Express Cos^7(theta) [i.e. Cos theta to the power of 7] in terms of cosines of multiples of theta.

The text book goes through a solution, although it doesnt really explain the reason for the approach. Or is this just one of those questions where that you MUST have done before to realise?

Please explain with reasoning.

Thanks in advance?

 

[Timothy.Siu]

get a pen and stab at it

 

[Michaelmoo]

get a pen and stab at it

Yes!!! Thanks!!!

 

[Timothy.Siu]

do u need someone to do it?

 

[Michaelmoo]

do u need someone to do it?

well not necesarily do it. Just a brief explanantion on how to approach it/ and how would you know how to approach it.

 

[Timothy.Siu]

does cos⁷A=(cos 7A-7cos 5A+21cos 3A-35cos A)/64

 

[Michaelmoo]

does cos⁷A=(cos 7A-7cos 5A+21cos 3A-35cos A)/64

Yes. But without the minusses, just plusses throughout i.e.

cos⁷A=(cos 7A+7cos 5A+21cos 3A+35cos A)/64

How and why?

 

[anon09]

Use De Moivre's Theorem:

cos7@ + isin7@ = (cos@ + isin@) ^7

Expand RHS

Gather real terms, which equal cos7@

And, using trig identities, eliminate sin@'s to get the answer in terms of cos

 

[Michaelmoo]

Use De Moivre's Theorem:

cos7@ + isin7@ = (cos@ + isin@) ^7

Expand RHS

Gather real terms, which equal cos7@

And, using trig identities, eliminate sin@'s to get the answer in terms of cos

But Im after Cos(theta) to the power of 7 not cos(7theta)

 

[Timothy.Siu]

oh crap, yeah my bad,

well u do z=cos A+isin A

z+z^-1=2cos A

(2cos A)⁷=128cos⁷A

(z+z^-1)⁷=z⁷+7z⁵+21³+35z+35z^-1+21z^-3+7z^-5+z^-7

=(z⁷+z^-7)+7(z⁵+z^-5)+21(z³+z^-3)+35(z+z^-1)=2cos 7A-14cos 5A+42cos 3A-70cos A=128 cos⁷A (from above)

used de moirves theorem for z=cos A+isin A
zⁿ=cos nA+isin nA

therefore cos⁷A=(cos 7A+7cos 5A+21cos 3A+35cos A)/64

EDIT: done i think

 

[lyounamu]

Use De Moivre's Theorem:

cos7@ + isin7@ = (cos@ + isin@) ^7

Expand RHS

Gather real terms, which equal cos7@

And, using trig identities, eliminate sin@'s to get the answer in terms of cos

not really.

That method is not really right for this question.

timothy's solution is more correct.

 

[Michaelmoo]

oh crap, yeah my bad,

well u do z=cos A+isin A

z+z^-1=2cos A

(2cos A)⁷=128cos⁷A

(z+z^-1)⁷=z⁷+7z⁵+21³+35z+35z^-1+21z^-3+7z^-5+z^-7

=(z⁷+z^-7)+7(z⁵+z^-5)+21(z³+z^-3)+35(z+z^-1)=2cos 7A-14cos 5A+42cos 3A-70cos A=128 cos⁷A (from above)

used de moirves theorem for z=cos A+isin A
zⁿ=cos nA+isin nA

therefore cos⁷A=(cos 7A+7cos 5A+21cos 3A+35cos A)/64

EDIT: done i think

Ok thanks. Is that something you simply think of on sight of this question, or it is a method expected to be known???

 

[Timothy.Siu]

Ok thanks. Is that something you simply think of on sight of this question, or it is a method expected to be known???

well, u know it now

 

[lyounamu]

Ok thanks. Is that something you simply think of on sight of this question, or it is a method expected to be known???

Well, it's not really expected to know.
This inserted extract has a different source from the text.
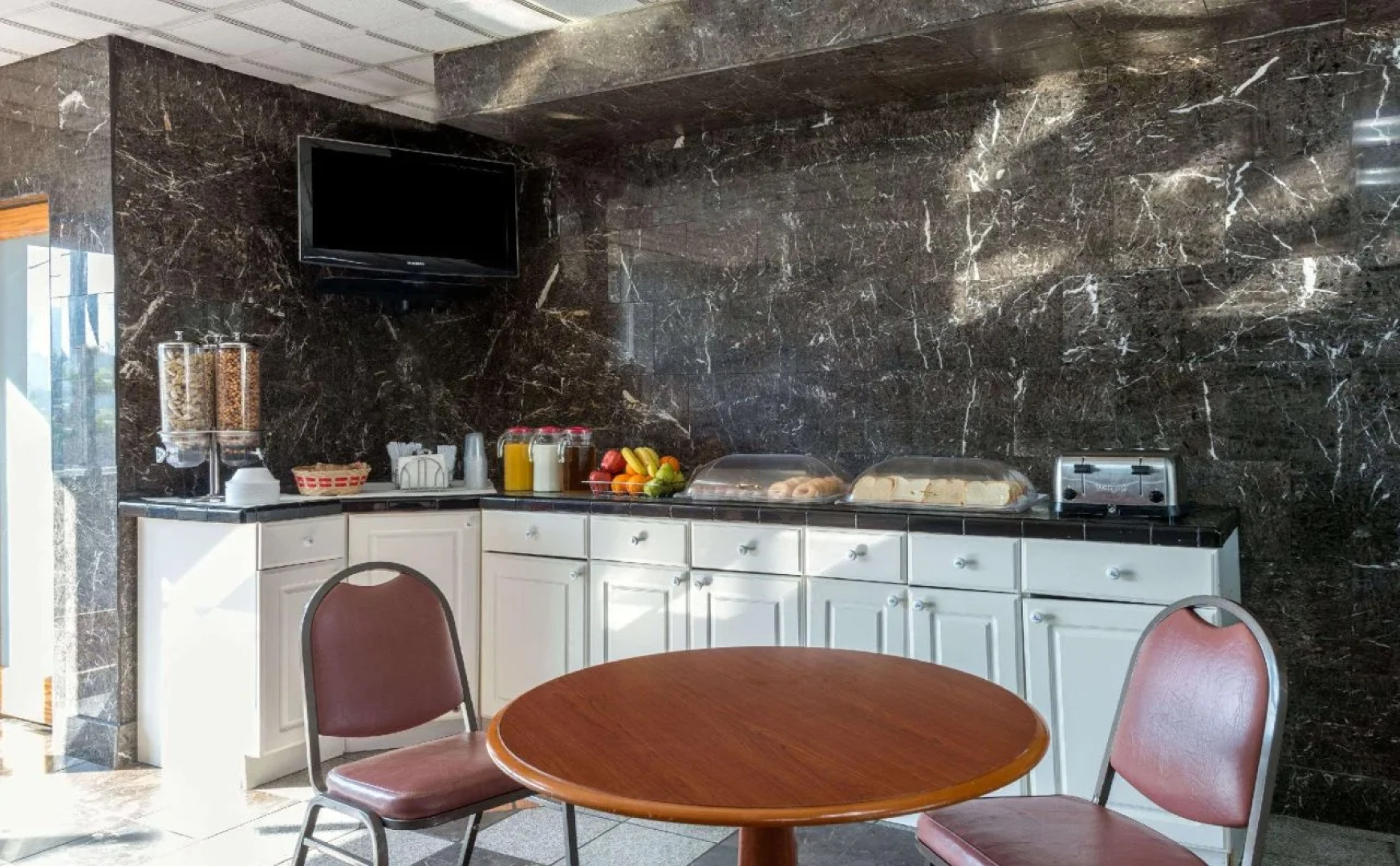 Knights Inn Atlantic City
You can easily think of that on spot if you can see that z + z^-1 = 2cos@ and z - z^-1 = 2isin@ given that z = cis@

But it's from Cambridge as far as I am aware.

 

[anon09]

Yep, my mistake, I didn't read the question properly.

I hope I don't do that in a test!

 

[kaz1]

Ok thanks. Is that something you simply think of on sight of this question, or it is a method expected to be known???
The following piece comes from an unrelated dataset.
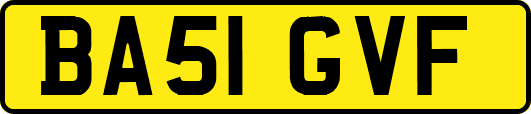BA51GVF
My teacher said you should be able to derive zⁿ+z^-n=2cos nA and zⁿ-z^-n=2isin nA as you cannot just state them in an exam.

 

[lyounamu]

My teacher said you should be able to derive zⁿ+z<SUP>-n</SUP>=2cos nA and zⁿ-z<SUP>-n</SUP>=2isin nA as you cannot just state them in an exam.

Yeah. True.

But in my own 4 unit exam, people just wrote that "formula" and still got a mark for it...I am the one who actually proved it.

 

[youngminii]

But why.. That formula is extremely simple to derive, should be a given.. Better safe than sorry I suppose

 

[Timothy.Siu]

derive that formula? its like 2 steps...
if z=cos a+isin a
zⁿ=cos na+isin na
z^-n=cos -na+isin na=cos na-sin na

therefore zⁿ+z^-n=2cos na

 

[lolokay]

would you get OP's question in a test without the lead in?